When an image contains pure white (#fff or values RGB 255/255/255) - we refer to this as "blown" or "blown out". There is nothing you can do to alter these pixels to gain lost detail. For example, I've cranked the levels to darken everything, yet here those pixels are...in all their blown glory:

enter image description here

Keeping that in mind, the only thing that you can do is attempt to lessen the impact. You can tone down the white by going to a grey and then tweak the contrast a bit so that the image doesn't look so flat. The below was a quick curves adjustment using Pixlr because I don't have Photoshop on this computer. It's also an uncorrected monitor, but hopefully the point is clear:

enter image description here

The tool that you'll want to use is called "Curves" in most programs. Here's Adobe's Help Article. You'll want to tone down the white to a grey and then bump the contrast by tweaking the curve into an "s" shape. Tweak until you find things acceptable.

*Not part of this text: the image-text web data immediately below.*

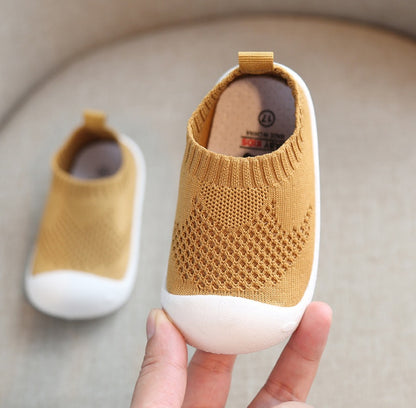 soft yellow toddler slip-on shoe with breathable knit upper and white flexible sole held in hand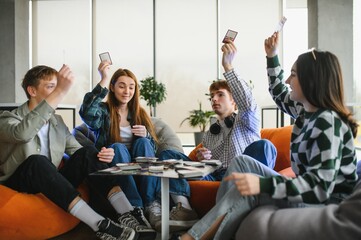 Happy friends playing board game at home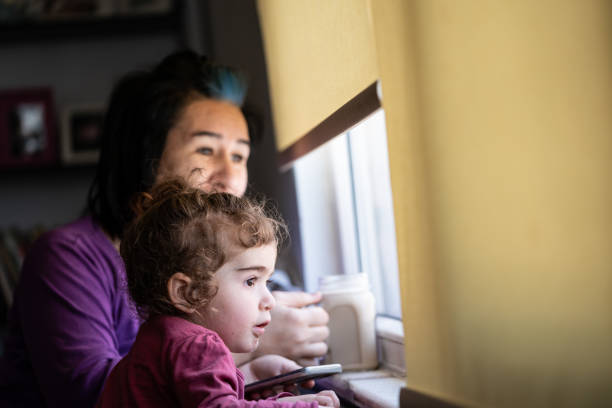 istock Mother And Daughter Looking Through Window During Covid-19 Pandemic Lockdown 1226611232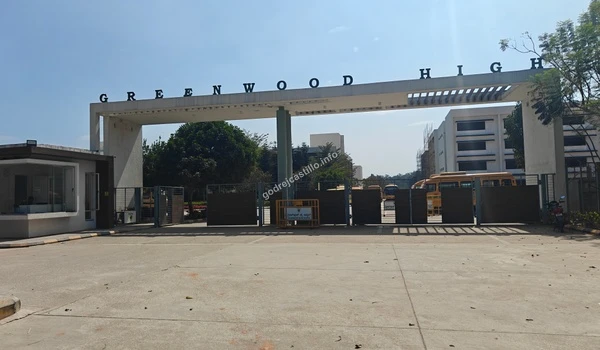 Frontal perspective of Greenwood High showing the secure entrance and school buildings, highly accessible from Godrej Castillo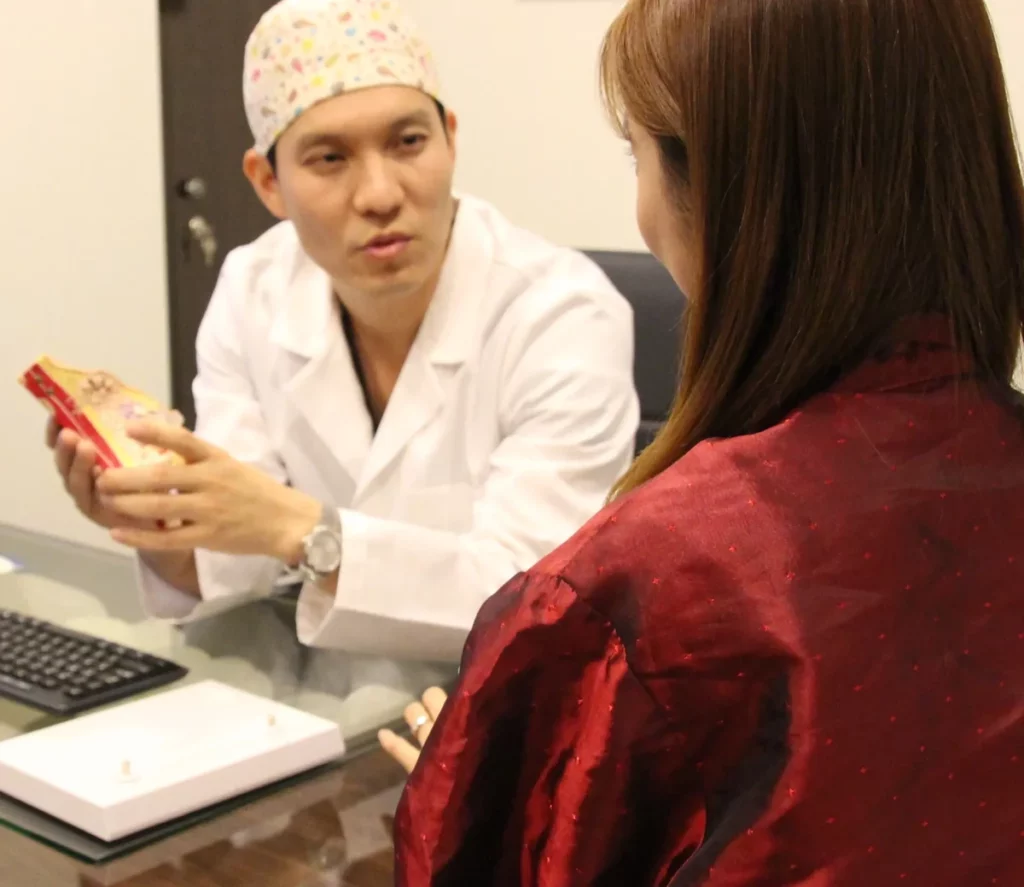 Plastic surgeon using a cross-section breast anatomy model to explain surgical options during a patient consultation, the starting point for planning breast reduction revision surgery.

Keep in mind that those blown pixels will only ever be white or some value of grey. This may not eliminate what you're calling "glare".

For another take on this, Tetsujin has the photoshop skillz equivalent of a mouse taming a cat and produced the following using "a fairly noisy HDR-style recovery in Ps using curves & dehaze/clarity in PhotoRAW." (Thank you for providing this!)

enter image description here

For your own photographic advice: if you are ever shooting en environment like this where the subject is very well lit and the rest of the photo isn't, expose for the highlight so that nothing is blown. You can always bring the shadows up in post (at the expense of noise), but you cannot put detail back if that detail is blown.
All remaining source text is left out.